Dataset content: Begin

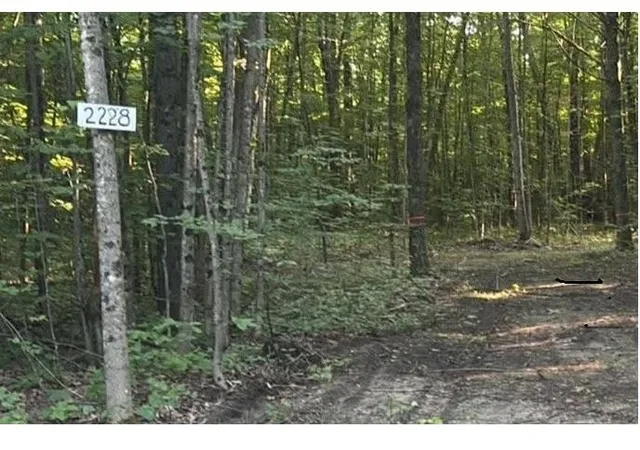 Photo 3 of Land for sale at 2228 Northwoods Dr, Weldon Township Benzie, MI 49616 | MLS# 77080072950 | Listing updated on 2026-08-31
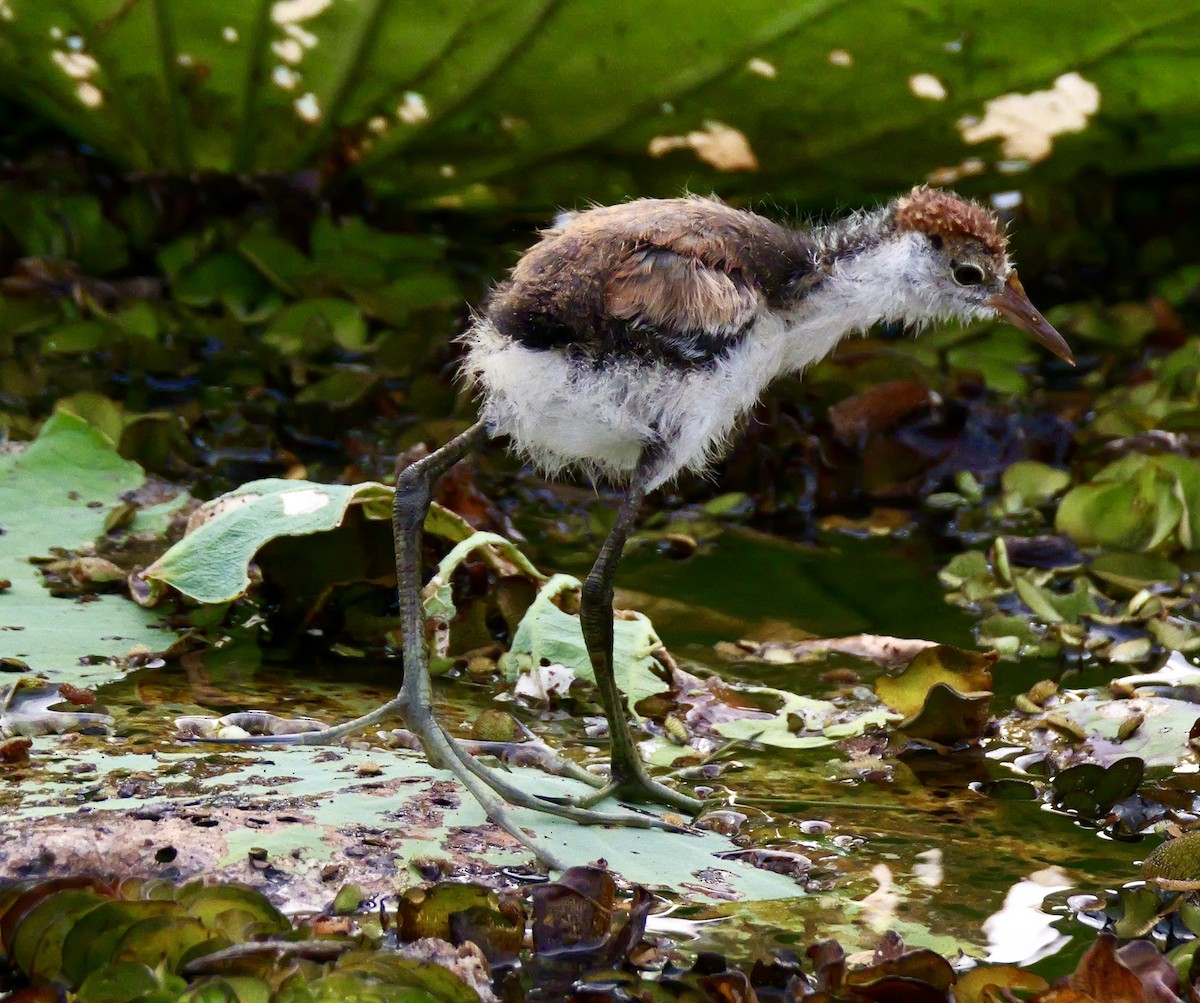 Comb-crested Jacana - ML637453373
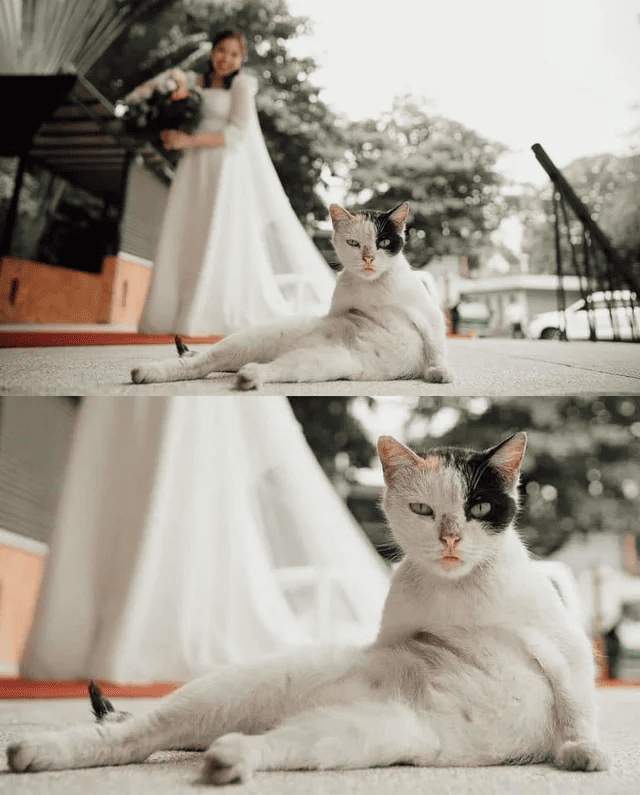 Сутулый кот — главное украшение свадьбы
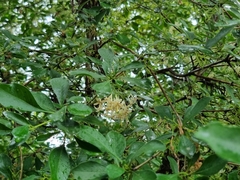 Pavetta gardeniifolia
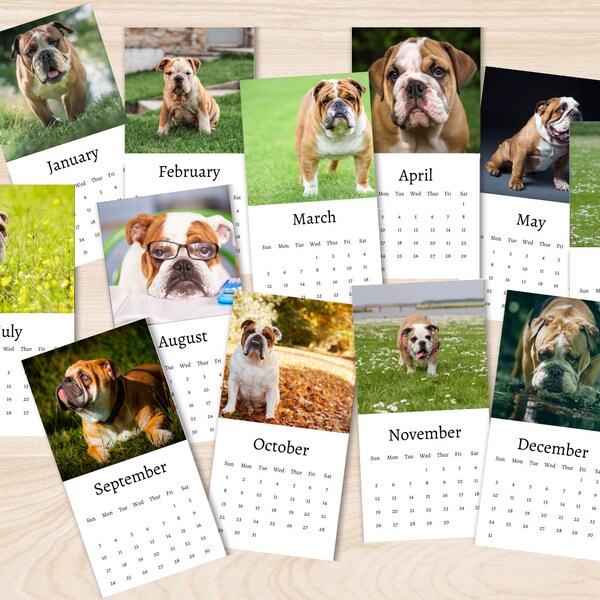 Bulldog Desk Calendar Etsy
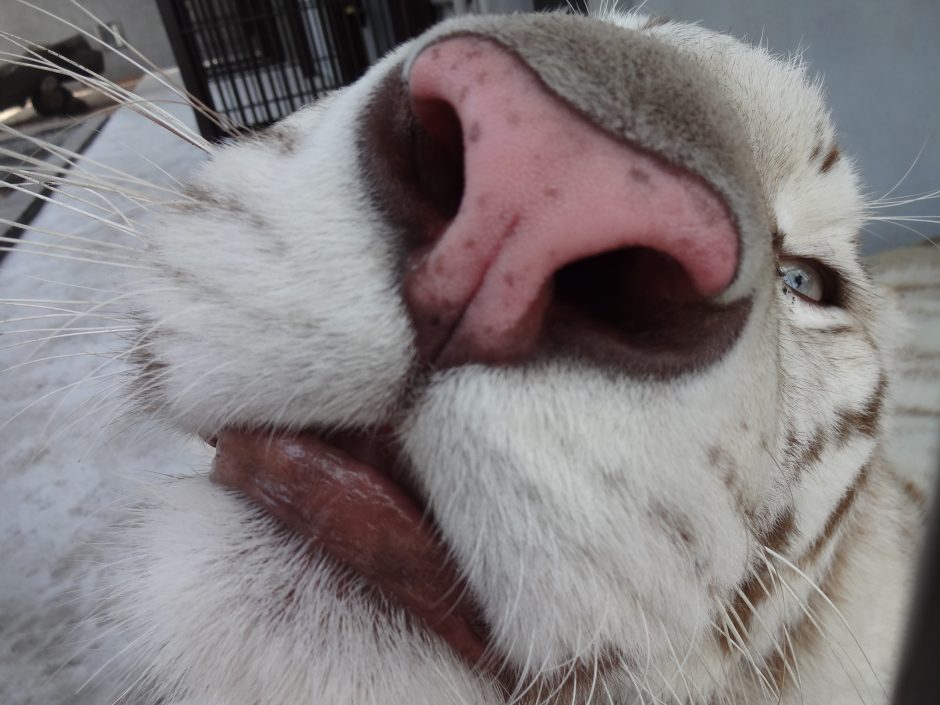 宇都宮動物園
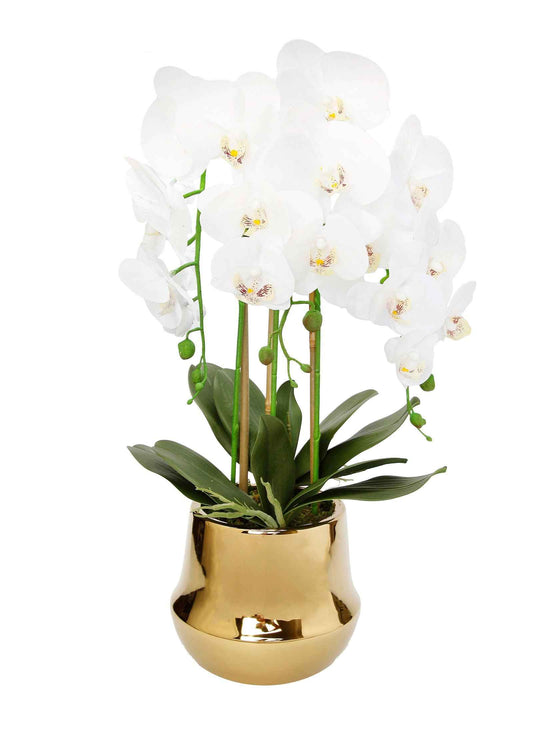 White Faux Orchid Plant in Round Shiny Gold Vase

Dataset content: End

> _Required work_
Exact duplicates of all the entries are required, and no image may appear in them.

> _Exercise result_
 Photo 3 of Land for sale at 2228 Northwoods Dr, Weldon Township Benzie, MI 49616 | MLS# 77080072950 | Listing updated on 2026-08-31
 Comb-crested Jacana - ML637453373
 Сутулый кот — главное украшение свадьбы
 Pavetta gardeniifolia
 Bulldog Desk Calendar Etsy
 宇都宮動物園
 White Faux Orchid Plant in Round Shiny Gold Vase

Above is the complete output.